### Exercise
Output the entries word for word. Omit images.

### Data for this exercise
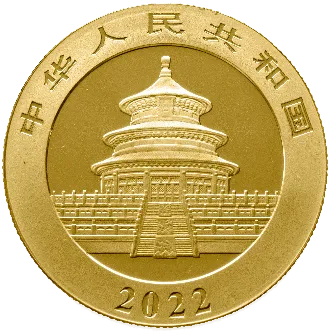 Reverse gold Panda coin from 2022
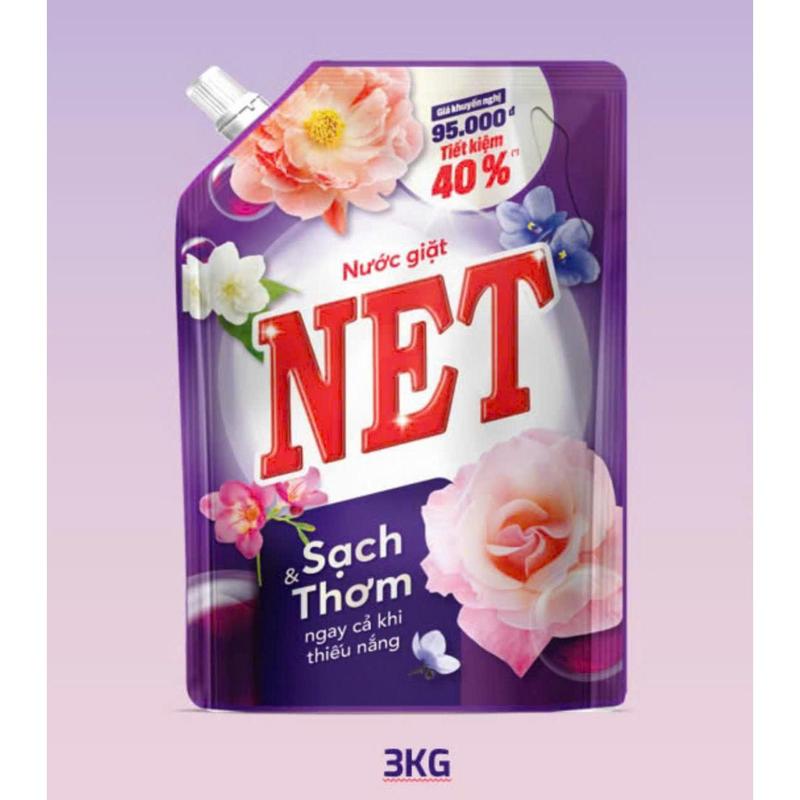  Nước Giặt Net Cao Cấp Sạch Bẩn Diệt Virut Thơm tho túi 3kg 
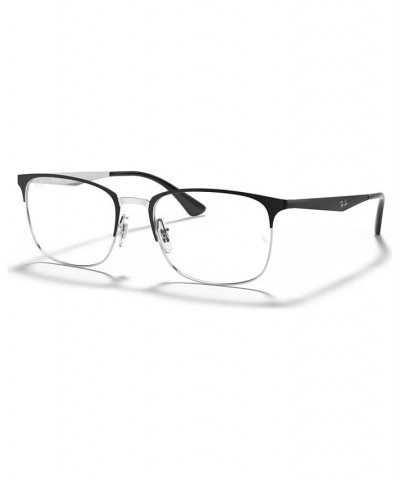 RX6421 Unisex Rectangle Eyeglasses Black Silv $37.59 Unisex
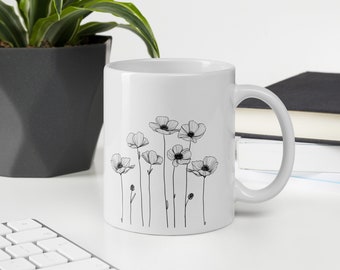 Taza blanca brillante, taza con diseño de flores elegantes, taza, taza blanca, taza de café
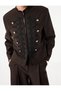 Long Sleeve Ornamental Buttoned Mandarin Collar Napoleon Jacket - 4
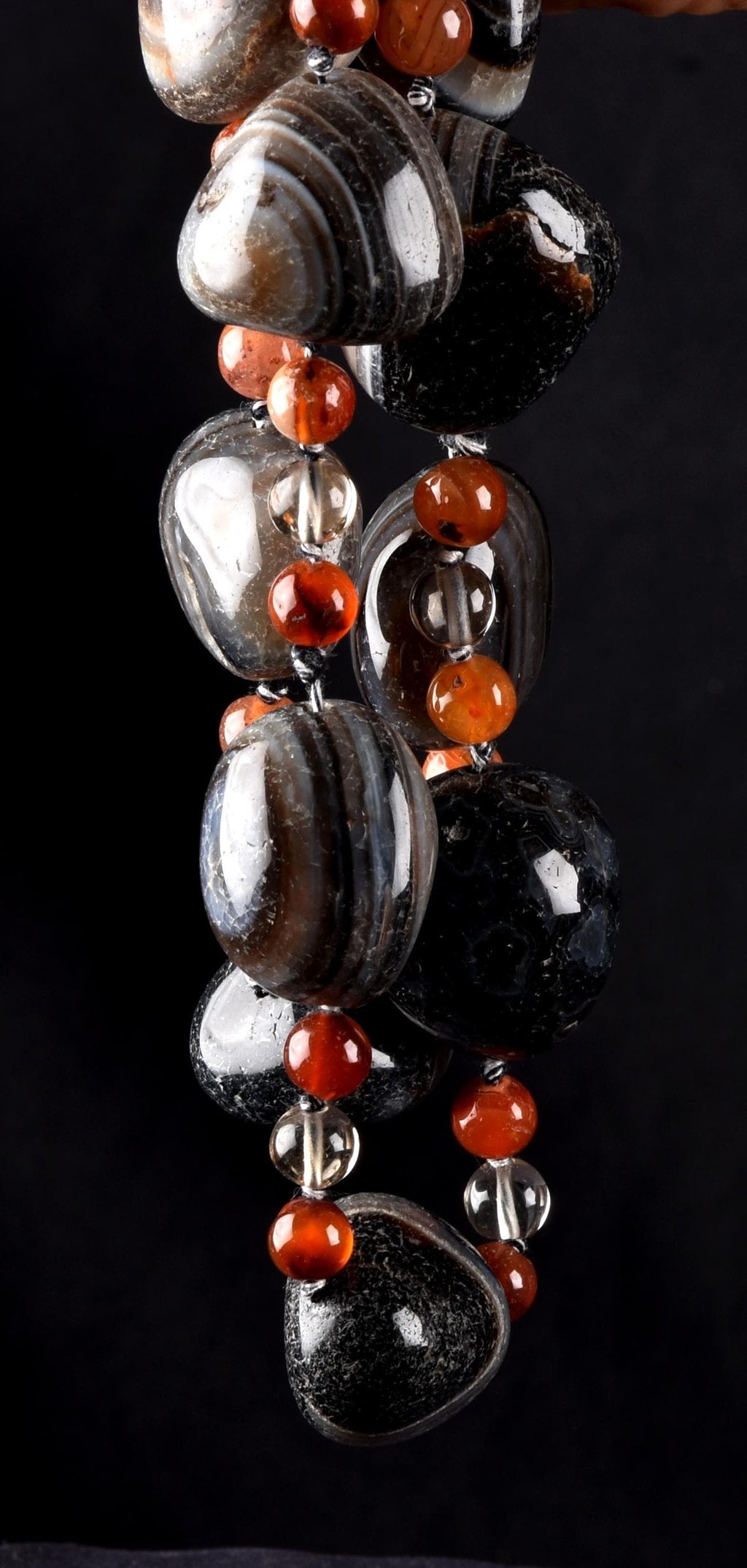 old rare Mystic Sulemani  soloman bead necklace  shaman protection reach patina  # 8300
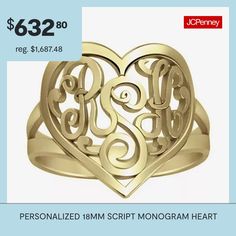 Proudly show off your initials or the initials of someone you love with this monogram ring.Metal: Sterling silver, 10K or 14K white or yellow gold, 24K yellow or rose gold over silverDimensions: 18mmPersonalize: Must be 3 initials. Initials will appear exactly as entered; center initial will be enlarged.Care: Wipe CleanCountry of Origin: USJewelry photos are enlarged to show detail. Disclaimer: Metal may be rhodium plated to enhance appearance and reduce tarnishing. Monogram Hearts, Script Monogram, Monogram Ring, 2 Rings, Ring Metal, Cocktail Rings, Rhodium Plated, Or Rose, Heart Ring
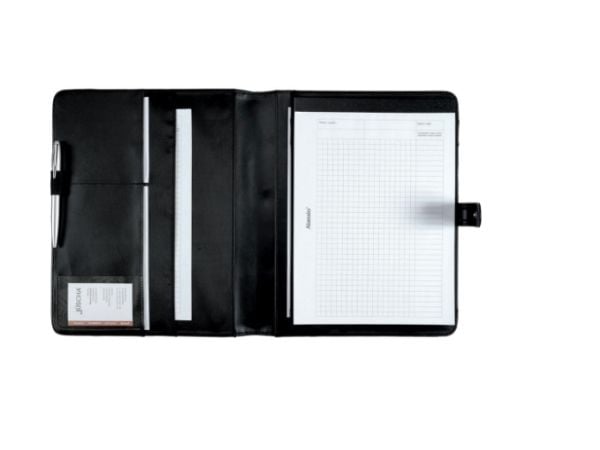 Jüscha 30073, Lær, Sort, A4, Visittkort, Papir, Spenne-åpningsmekanisme på midten, 320 mm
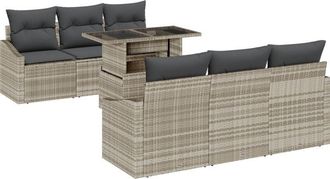 vidaXL Vidaxl - Garden Sofa Set with Storage 7 pcs Light Grey Poly rattan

### Written response
 Reverse gold Panda coin from 2022
  Nước Giặt Net Cao Cấp Sạch Bẩn Diệt Virut Thơm tho túi 3kg 
 RX6421 Unisex Rectangle Eyeglasses Black Silv $37.59 Unisex
 Taza blanca brillante, taza con diseño de flores elegantes, taza, taza blanca, taza de café
 Long Sleeve Ornamental Buttoned Mandarin Collar Napoleon Jacket - 4
 old rare Mystic Sulemani  soloman bead necklace  shaman protection reach patina  # 8300
 Proudly show off your initials or the initials of someone you love with this monogram ring.Metal: Sterling silver, 10K or 14K white or yellow gold, 24K yellow or rose gold over silverDimensions: 18mmPersonalize: Must be 3 initials. Initials will appear exactly as entered; center initial will be enlarged.Care: Wipe CleanCountry of Origin: USJewelry photos are enlarged to show detail. Disclaimer: Metal may be rhodium plated to enhance appearance and reduce tarnishing. Monogram Hearts, Script Monogram, Monogram Ring, 2 Rings, Ring Metal, Cocktail Rings, Rhodium Plated, Or Rose, Heart Ring
 Jüscha 30073, Lær, Sort, A4, Visittkort, Papir, Spenne-åpningsmekanisme på midten, 320 mm
 vidaXL Vidaxl - Garden Sofa Set with Storage 7 pcs Light Grey Poly rattan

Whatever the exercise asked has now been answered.